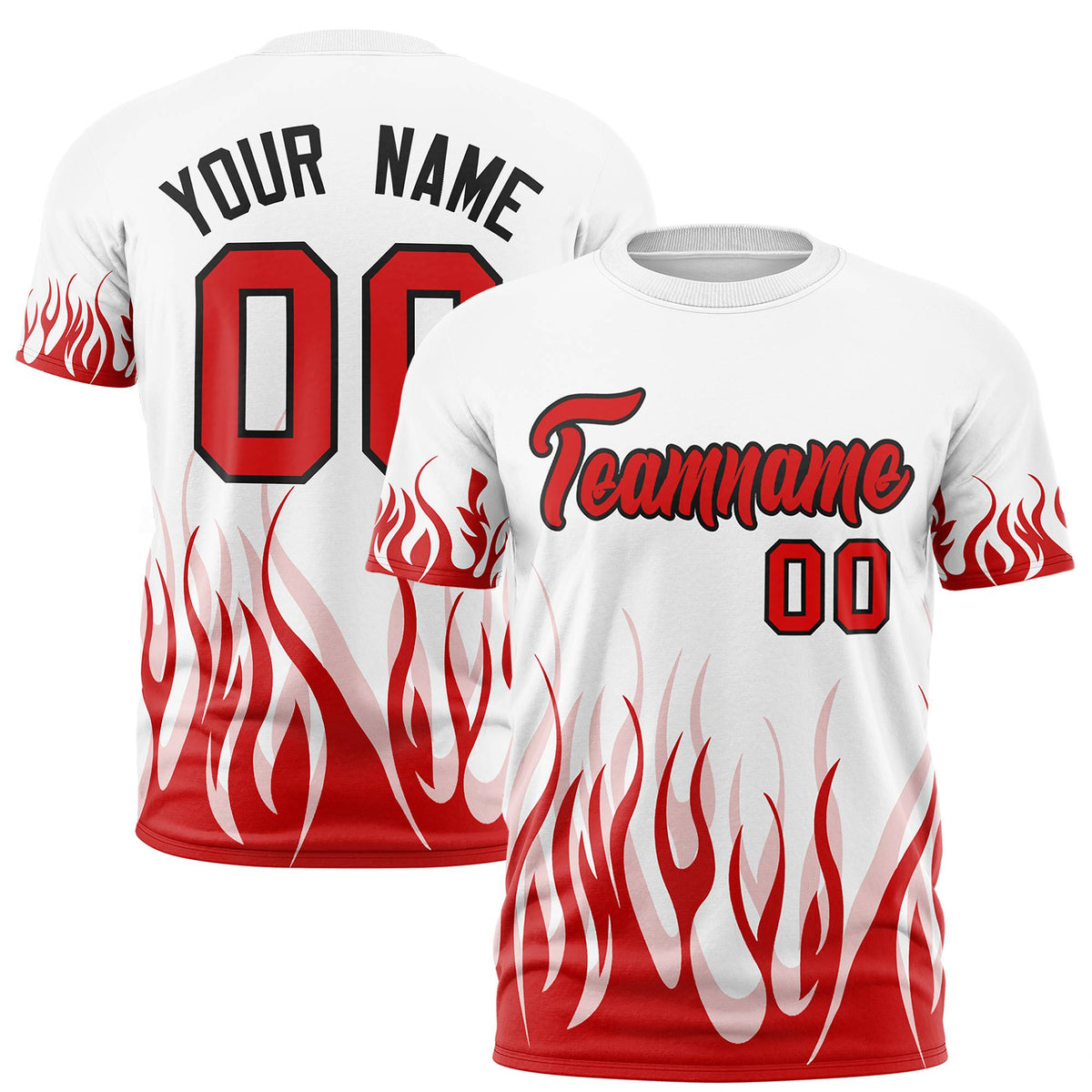 Custom White Red 3D Pattern Design Flame Performance T-Shirt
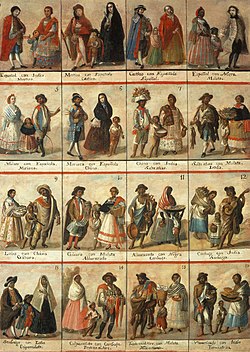 Las castas. 18th century, Museo Nacional del Virreinato, Tepotzotlan, Mexico. Casta painting all.jpg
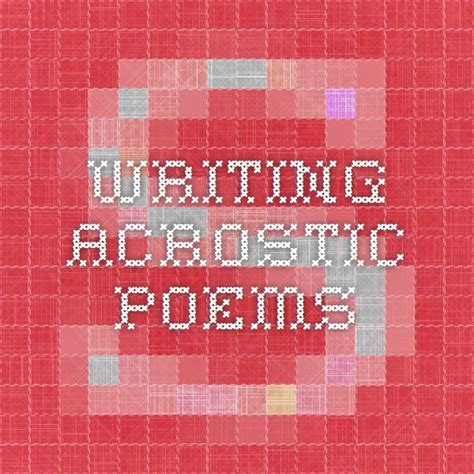 Writing Acrostic Poems Teaching Tools Teacher Resources Acrostic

_PROBLEM REQUIREMENTS_
Word for word, retype the lines from the one that contains "Las castas. 18th" through the final line of the data, both ends included, excluding pictures.

_TASK ANSWER_
 Las castas. 18th century, Museo Nacional del Virreinato, Tepotzotlan, Mexico. Casta painting all.jpg
 Writing Acrostic Poems Teaching Tools Teacher Resources Acrostic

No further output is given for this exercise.